Community by Caitlin Moultroup
Community, it’s a word that we hear almost daily, whether referring to a local municipality, a church congregation, or a group of blocks that form a neighborhood. Community by definition requires two ingredients: people and place. A few years ago I had the privilege of attending a lecture by world renowned architect, theorist, and urban planner Léon Krier. He discussed the value of the human-centered city and the discourse between place, buildings, towns, and people. Throughout the lecture the passion that fueled my interest in architecture and place-making from a young age was reawakened. I was reminded where people exist, a built environment must exist; how can architecture and urban design facilitate and promote the growth healthy communities – the ongoing conversation between people and the built environment?

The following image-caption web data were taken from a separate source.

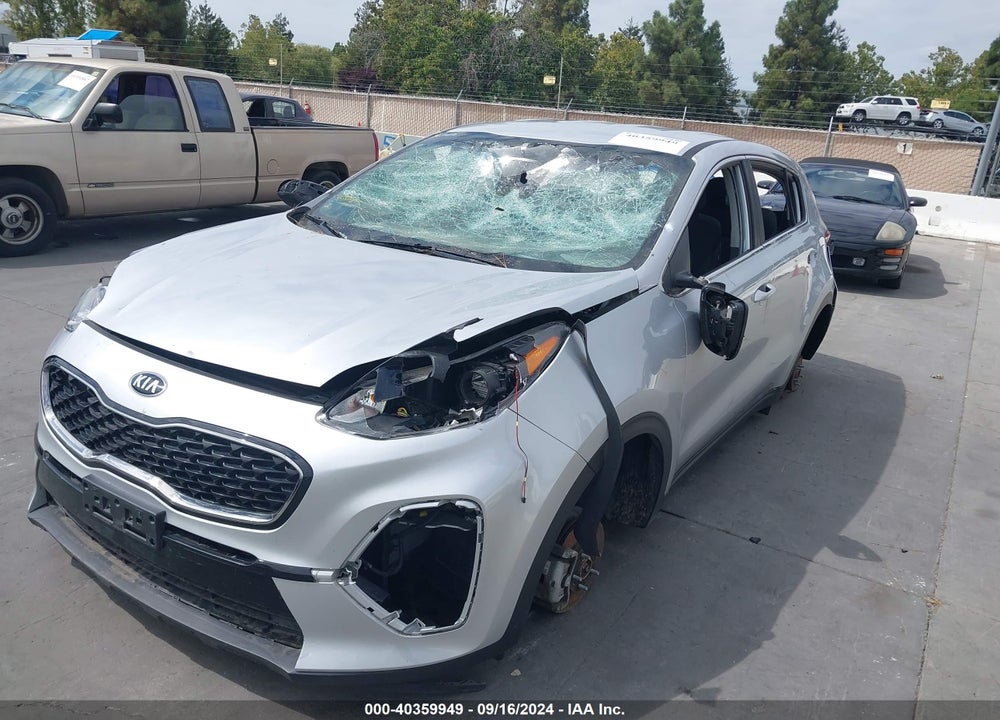 2020 KIA SPORTAGE LX VIN: KNDPM3AC7L7696543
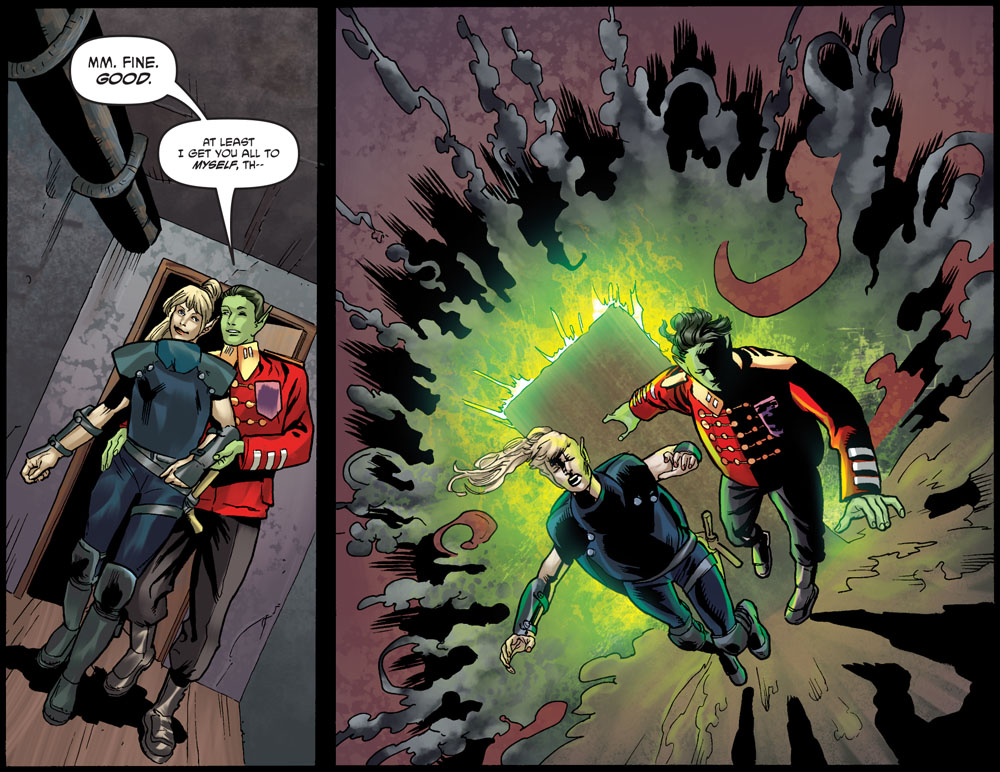 Read online Disenchanted comic -  Issue #21 - 13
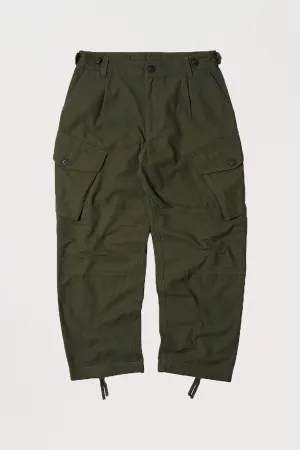 Backsatin Royal Navy Combat Pants - Olive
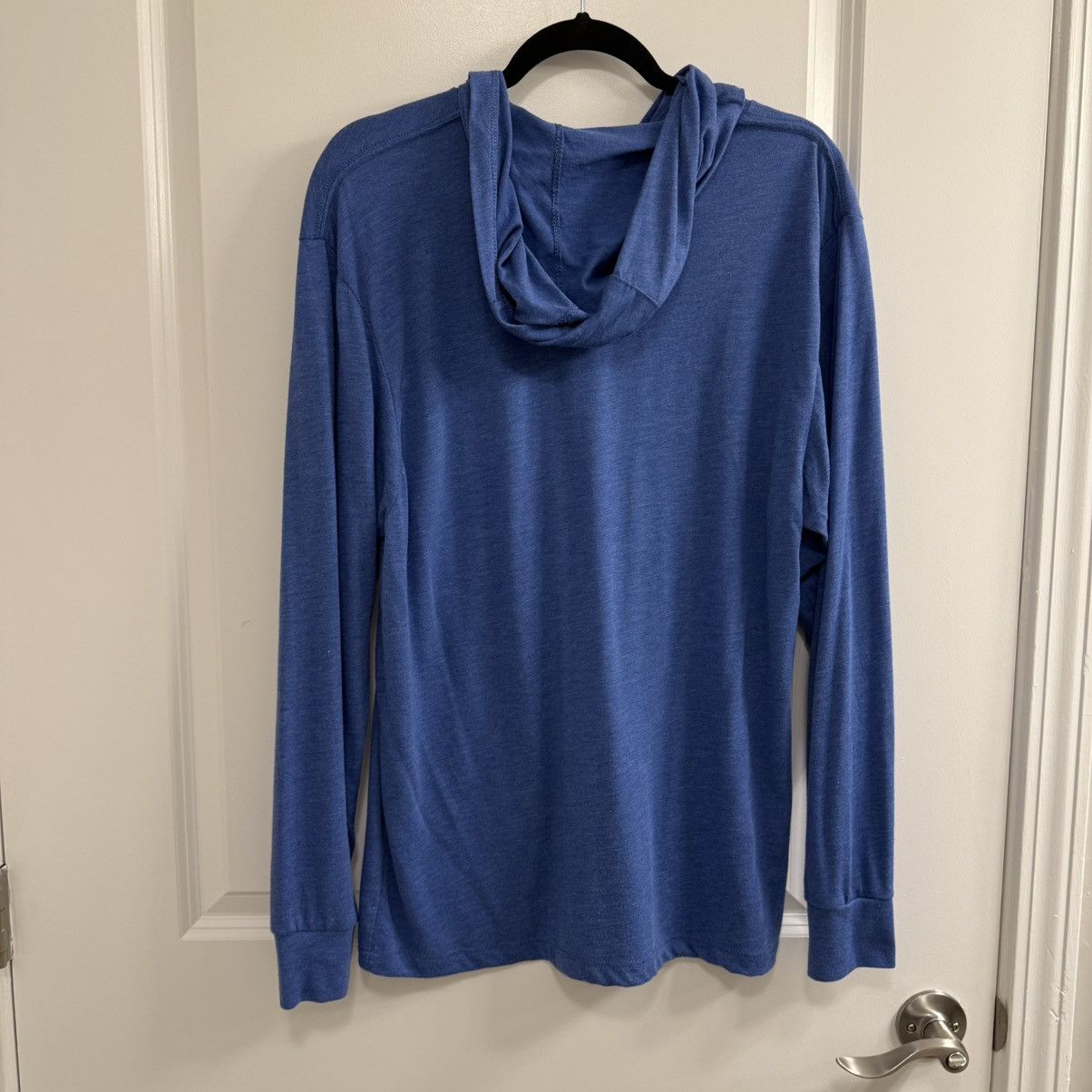 Other Kentucky Womens Shirt Large Blue Kentucky Hooded Long Sleeve Size L / US 10 / IT 46 - 4 Thumbnail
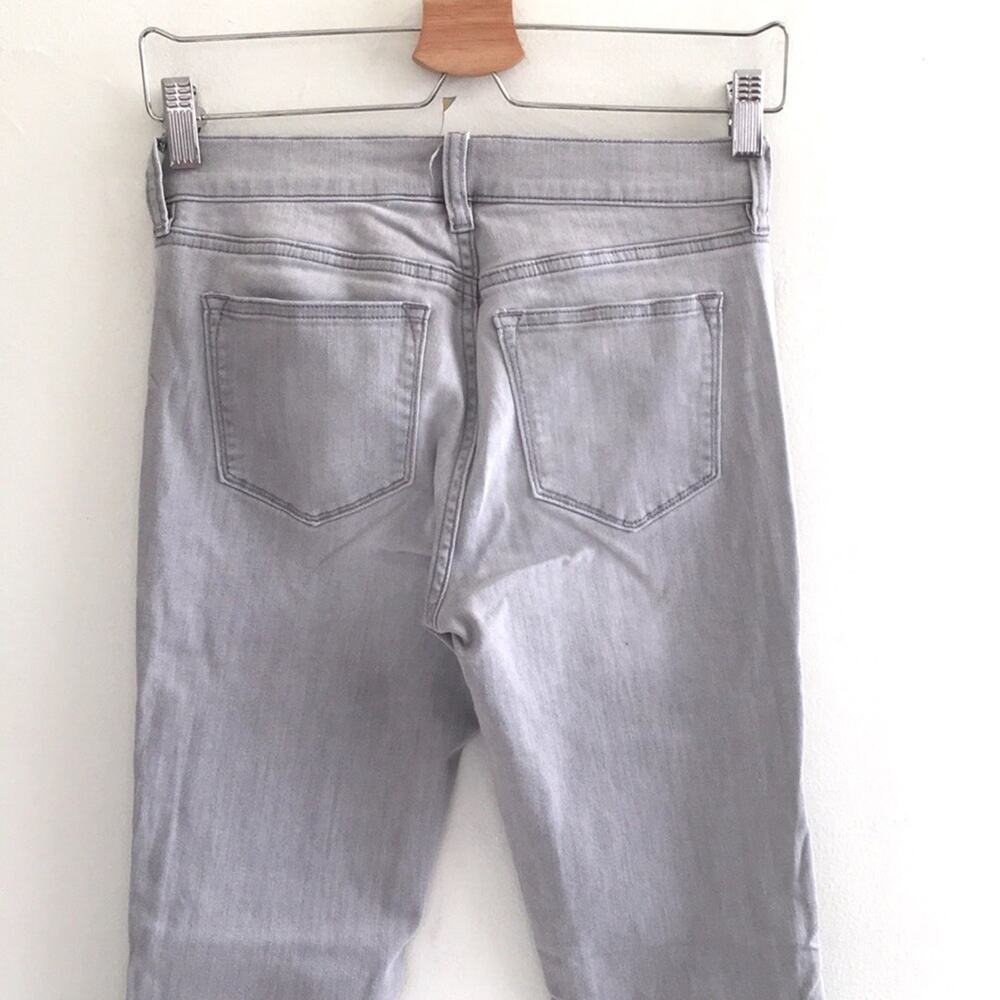 J. Crew women’s skinny jeans gray sz 26 distressed - Picture 5 of 8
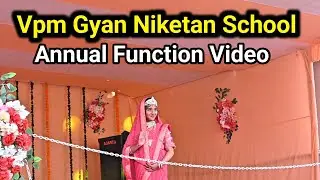 Annual Function 😱😊 || V.P.M GYan Niketan School 😱😊 || Chhote Bache Log Ke Dance || #annualfunction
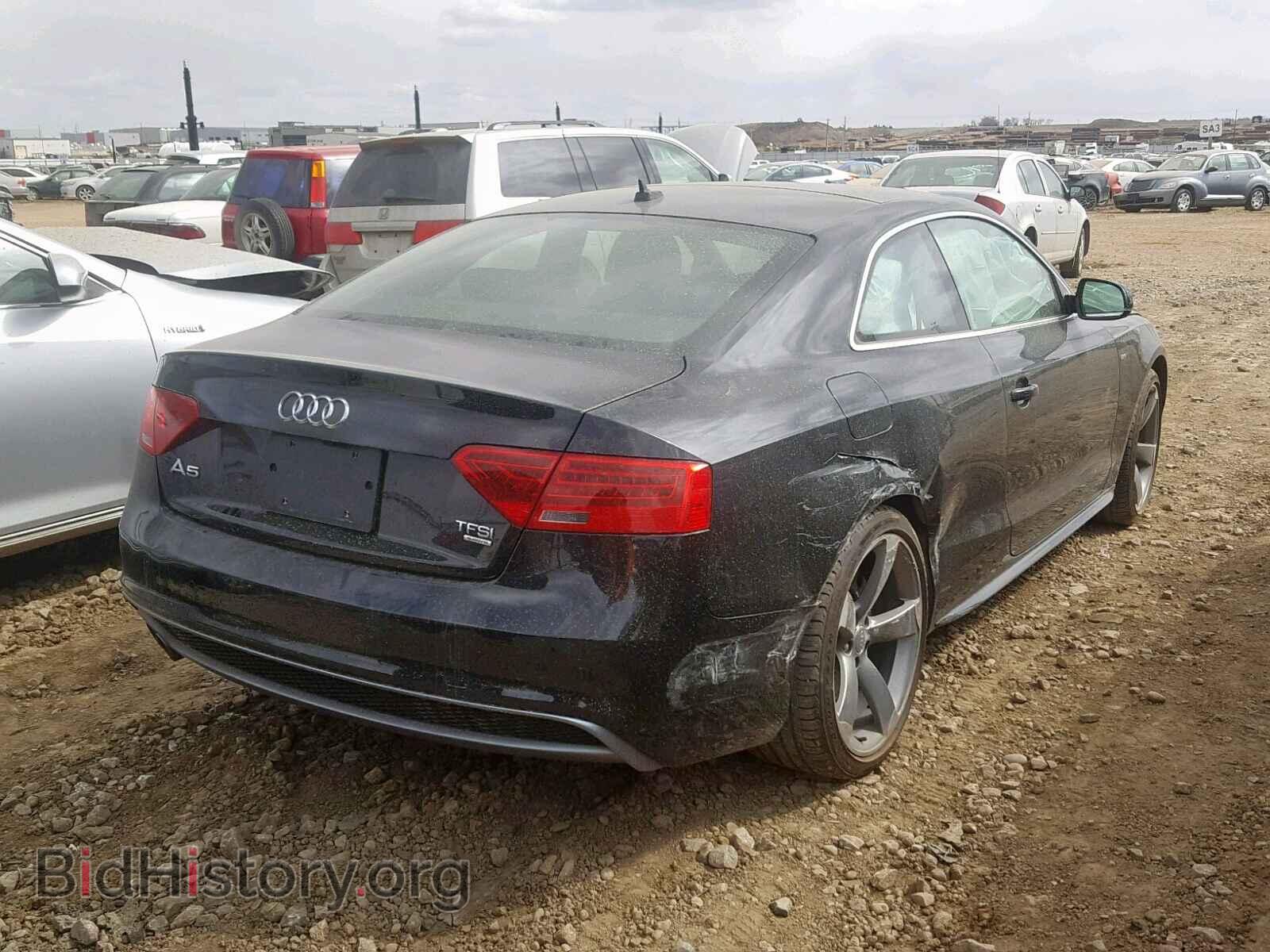2014 AUDI A5 - VIN: WAUMFBFR2EA032612 - Photo 4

When I moved to Savannah in 2004, I was enamored by its charm. It was the perfect place to study architecture, historic preservation, and urban planning. Even after graduating, I couldn’t pull myself away; I was fortunate to accept a position as a public servant, working for the City of Savannah, where I could continue to invest in the future of this community. During my time with the City I was able to gain a great deal of invaluable perspective about the things that make Savannah a great community, as well as the areas that could be improved. Thanks to the experience and support I received from the City of Savannah, I was also able to achieve my childhood goal of obtaining my architectural license.
In February, I joined the team at Gunn Meyerhoff Shay, a firm interwoven into Savannah’s history of urban development and the creation of landmark districts. Earlier this year, as I listened to Eric Meyerhoff speak about the development of the Savannah River walk, it dawned on me that I have become part of a community that has truly shaped Savannah. In effort to better contribute to the Gunn Meyerhoff Shay team and the influence it has on shaping the community of Savannah, I recently decided to pursue accreditation with the Congress for New Urbanism (CNU). The CNU is the leading organization promoting walkable, mixed-use neighborhood development, sustainable communities and healthier living conditions. In October I begin the process moving towards CNU accreditation. I’m looking forward to what this opportunity and my experience at Gunn Meyerhoff Shay will bring to both my personal and professional development, but most of all how it can help me contribute to the community that is Savannah.